This week’s wise words of advice: when offered bacon, never turn it down.
I mean it. I know, I have friends who are rolling their eyes as they read this whilst running on their treadmills. Yes, I actually know people who can roll, read, and run at the same time! I, for one, am not one of them. But back to the bacon…
The stuff is good. I’m not talking about turkey bacon: that impostor cardboard slice spayed silly with smoke flavor fails to recreate juicy, fatty, meaty reality. I am in no way trying to scoff the attributes of turkey here. It has many. Roasted turkey happens to be one of my family’s favorite meals, actually. Just don’t try and pass it off as a pig, for God’s sake!
Oh, and speaking of God. I’m so sorry. So, so, so sorry. As a Jew, I struggle with the dietary laws that restrict certain things from my diet that are not kosher (like pig) and confess that I eat bacon.
Dream in bacon.
However, I’ve managed to work through my bacon guilt and try to maintain some control.
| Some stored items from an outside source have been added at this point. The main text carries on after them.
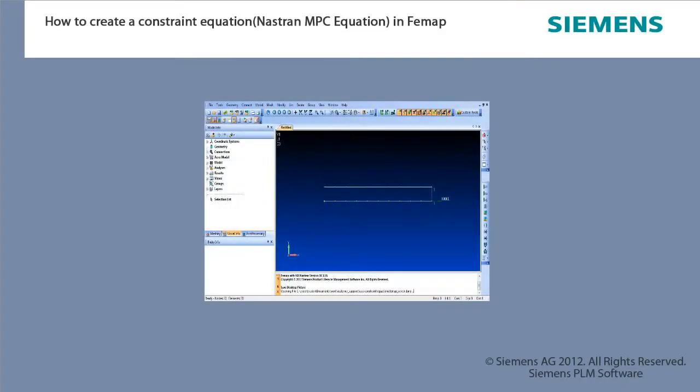This video will demonstrate how to create a constraint equation, also known as a Nastran MPC equation, in Femap.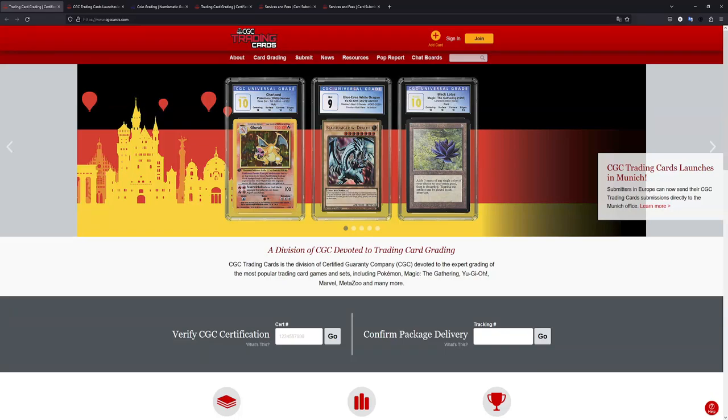How's it going everybody, Ben from BudgetPokemon here. In this video I have very good news regarding CGC grading. As you can probably already tell, CGC Trading Card now launches in Munich, Germany. This is great news, so let's go through this video very quick.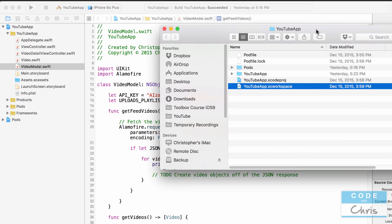Hey coders, what's up? Chris here with episode 12 of how to make a YouTube video app.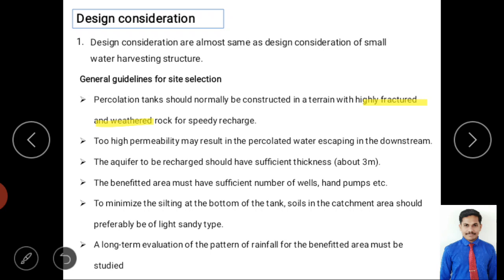Second, if permeability is too high, infiltrated water may escape downstream quickly, just as surface runoff flows rapidly. This would reduce the benefit to the nearby area since the main purpose is to improve groundwater availability locally. Third, the aquifer to be recharged should have sufficient thickness and good storage capability.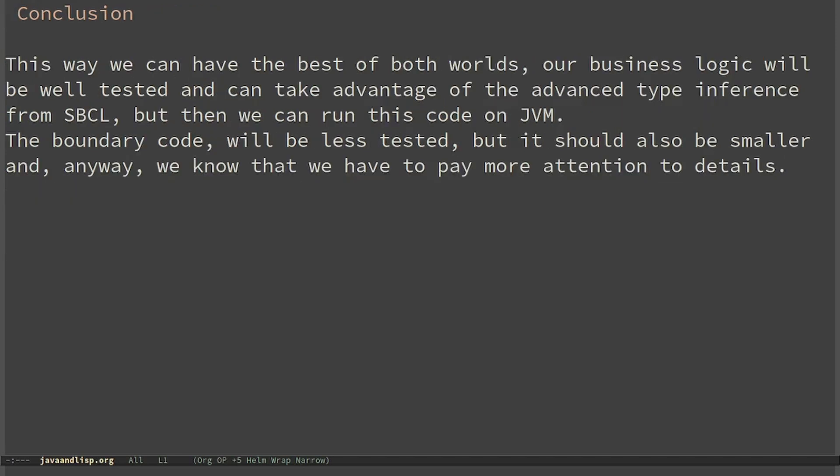Our business logic will be well tested and can take advantage of the advanced type inference from SBCL, but then we can run this code on JVM. Let me know in the comments if you liked the video, leave a like and subscribe!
I visit treadmills occasionally and compensate for my spiritual anemia by doing mitzvahs (good deeds) every day. I have to: my family sits around the dinner table each night to report on our positive contribution to this world. So you see, I gotta keep up on the spiritual goodness. It’s just when bacon comes in play I lose my north and become a puddle of weakness and readily indulge, replacing my healthy and theological consciousness for my culinary compass.
My kids are equally passionate about bacon when the topic arises. That’s just a polite way of saying they beg for it…ALL THE TIME. My twelve-year old proudly sports her “Bacon is a Vegetable” t-shirt in a passionate attempt to redefine the food groups. Even my self-proclaimed eight year-old vegetarian pleads for the addictive crispy flavor of bacon. (When questioned on ethics, he feigns ignorance as to its source of origin.)
If I try and implement the theory of moderation, they rebel and get creative as to when and where bacon can be enjoyed. They know how to get to my weak spot by becoming proactive in the kitchen, and, the two of them (normally aiming swords at each others jugulars) miraculously come together to get their bacon way. Here’s how it goes down:
The Girl (known to be manipulative and incredibly smart):
“Mom, we want to help you cook dinner tonight.” (Mom’s radar is beginning to activate, but, aw, mom is turning to mush here.)
The Boy (an irresistible charmer (have you seen the eyelashes?) and frightenly good liar):
“Yeah mom, you always do so much for us. We want to do something for you.”
I know what you are thinking right now: I am a sucker with this stuff. And I am so not a sucker normally. I am a hardcore, don’t mess around, no-B.S. type of gal. You want to barter down the best price on that jalabia in the Khan El Khalili Cairo souk? I’m your gal. Need to sweet talk your way into Sir Richard Branson’s exclusive Kasbah Tamadot in the Atlas Mountains? Then you’ve come to the right person. But pair food, the kitchen and my kids and I go soft, Brie-left-out-in-the-sun soft.
In minutes they put together a quick excuse to eat lard: creamy boiled fingerling potatoes, Normandy butter, shredded Wisconsin cheddar, Turkish black pyramid salt and crumbled bacon. It’s not brain surgery, but it is slathered with manipulation and plenty of worthwhile calories.
How, or why, could I say no to that? We sit down to dinner with their new creation, which they have decided to call Dajopo (Daniela Jonathan Potatoes) and commence reporting our mitzvah for the day: Dani shared her materials with a classmate that was ill prepared. Jonathan used his allowance to buy a newspaper that supports the homeless.
The treadmill waits patiently for me tomorrow and the rabbi would smile if he could hear us share the ways we helped someone else for that day. I want my mitzvah to be that I’ve created these two awesome children that are smart, assertive, caring and exceptional culinarians. After all, they make a mean bacon.
1 lbs fingerling potatoes, scrubbed
6 ounces bacon, cooked crispy and crumbled
2 tablespoons butter
½ cup shredded cheddar
1-2 teaspoons salt (if you aren’t privy to black Turkish salt, click over to Mark and Jennifer’s amazing shop, The Meadow, now!)
Boil the potatoes in salted water for ten minutes. Drain and slice into halves or quarters.
Combine other ingredients and enjoy!